- [Assignment]: Go through the listing beneath this task and return every line that carries the string "Ontario".
-*-*-
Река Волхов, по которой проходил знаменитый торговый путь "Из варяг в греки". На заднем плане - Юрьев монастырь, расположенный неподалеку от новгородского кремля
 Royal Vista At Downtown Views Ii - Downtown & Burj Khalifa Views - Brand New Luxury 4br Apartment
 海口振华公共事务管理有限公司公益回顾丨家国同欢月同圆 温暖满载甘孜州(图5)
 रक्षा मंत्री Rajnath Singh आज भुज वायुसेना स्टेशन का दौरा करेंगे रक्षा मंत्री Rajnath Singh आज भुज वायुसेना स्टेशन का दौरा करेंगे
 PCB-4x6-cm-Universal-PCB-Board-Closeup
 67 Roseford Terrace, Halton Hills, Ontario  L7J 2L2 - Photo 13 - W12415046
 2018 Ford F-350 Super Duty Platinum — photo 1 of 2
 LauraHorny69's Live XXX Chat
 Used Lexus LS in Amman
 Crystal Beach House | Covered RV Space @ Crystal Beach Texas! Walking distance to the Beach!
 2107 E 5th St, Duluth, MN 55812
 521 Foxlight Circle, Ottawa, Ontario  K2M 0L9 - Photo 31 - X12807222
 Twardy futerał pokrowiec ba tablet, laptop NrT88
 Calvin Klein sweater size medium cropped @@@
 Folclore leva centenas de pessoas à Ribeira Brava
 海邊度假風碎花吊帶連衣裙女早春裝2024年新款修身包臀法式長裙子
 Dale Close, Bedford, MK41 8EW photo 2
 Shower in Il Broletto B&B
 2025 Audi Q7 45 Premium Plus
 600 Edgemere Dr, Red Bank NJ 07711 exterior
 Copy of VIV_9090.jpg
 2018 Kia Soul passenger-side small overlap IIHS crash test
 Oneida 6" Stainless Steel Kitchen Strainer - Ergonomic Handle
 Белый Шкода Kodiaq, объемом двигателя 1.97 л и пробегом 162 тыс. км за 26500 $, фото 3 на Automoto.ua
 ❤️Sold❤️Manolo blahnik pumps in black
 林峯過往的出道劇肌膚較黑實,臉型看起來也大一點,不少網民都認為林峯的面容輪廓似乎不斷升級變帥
-*-*-
- [Written solution]:
 67 Roseford Terrace, Halton Hills, Ontario  L7J 2L2 - Photo 13 - W12415046
 521 Foxlight Circle, Ottawa, Ontario  K2M 0L9 - Photo 31 - X12807222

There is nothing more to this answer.